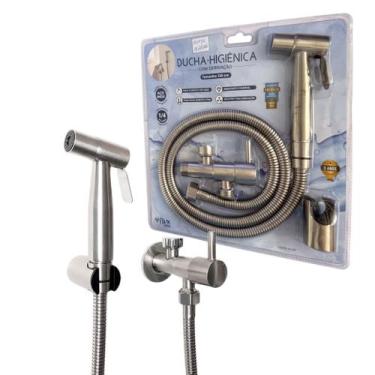Imagem de Ducha Higiênica Flvx Hidro de INOX 120cm com Derivação e Gatilho Intel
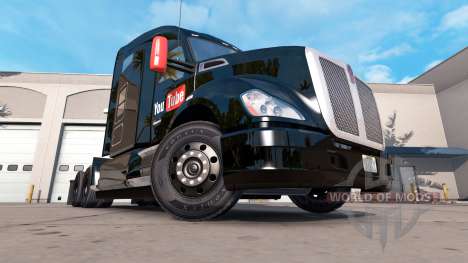 La peau de YouTube sur un tracteur Kenworth pour American Truck Simulator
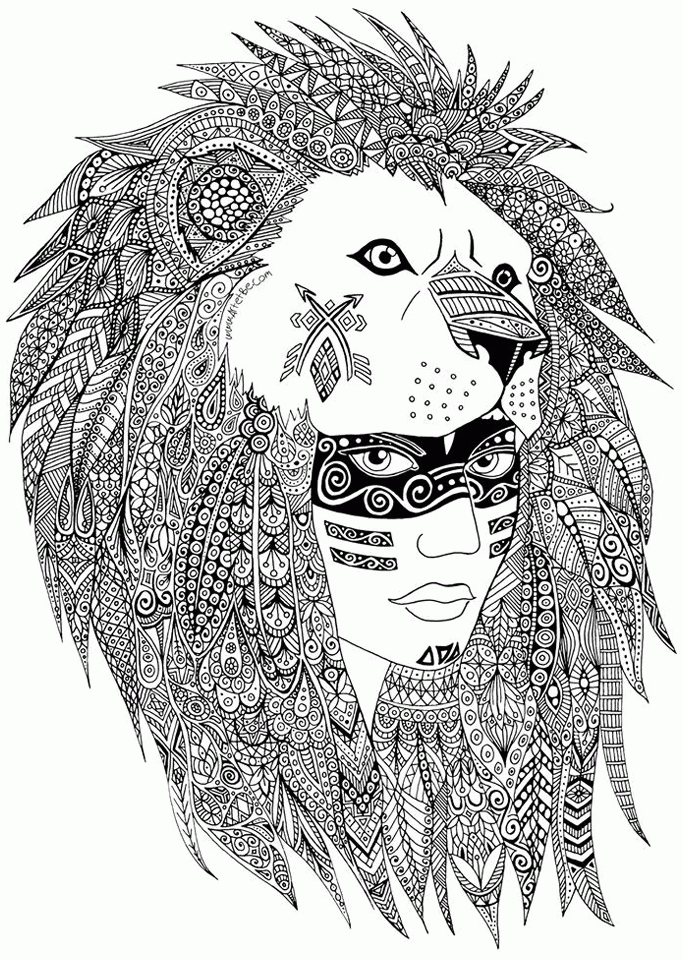 Animal Zentangle Coloring Pages biyprozyT Printable 2020 133 Coloring4free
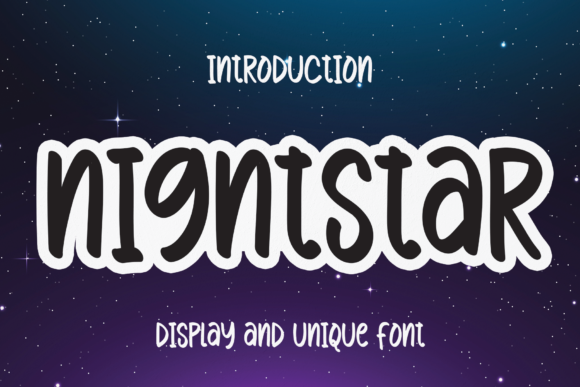 Nightstar Font Poster 1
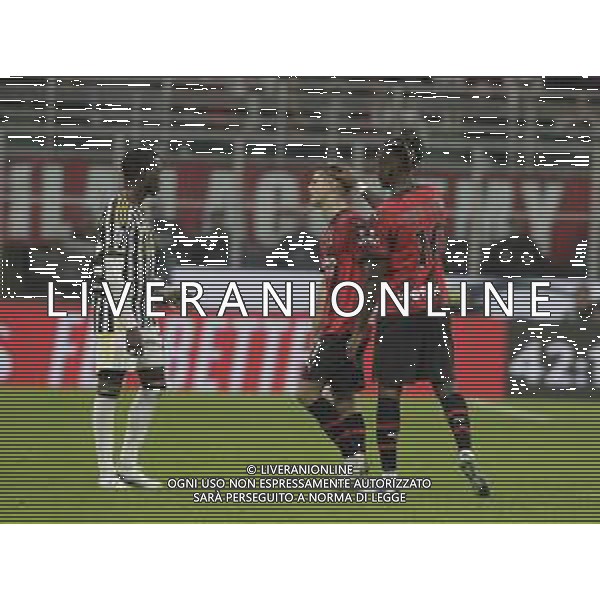 CHRISTIAN PULISIC E RAFAEL LEAO -MILAN vs JUVENTUS Campionato Calcio Serie A TIM Milano 22-10-2023 ©PAOLO GIAMPIETRI / AGENZIA ALDO LIVERANI SAS - ITALY ONLY EDITORIAL USE ONLY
::::
__ACTION ITEM__:
All of the records above are to be printed exactly, with every picture omitted.

__RESULT__:
Imagem de Ducha Higiênica Flvx Hidro de INOX 120cm com Derivação e Gatilho Intel
 La peau de YouTube sur un tracteur Kenworth pour American Truck Simulator
 Animal Zentangle Coloring Pages biyprozyT Printable 2020 133 Coloring4free
 Nightstar Font Poster 1
 CHRISTIAN PULISIC E RAFAEL LEAO -MILAN vs JUVENTUS Campionato Calcio Serie A TIM Milano 22-10-2023 ©PAOLO GIAMPIETRI / AGENZIA ALDO LIVERANI SAS - ITALY ONLY EDITORIAL USE ONLY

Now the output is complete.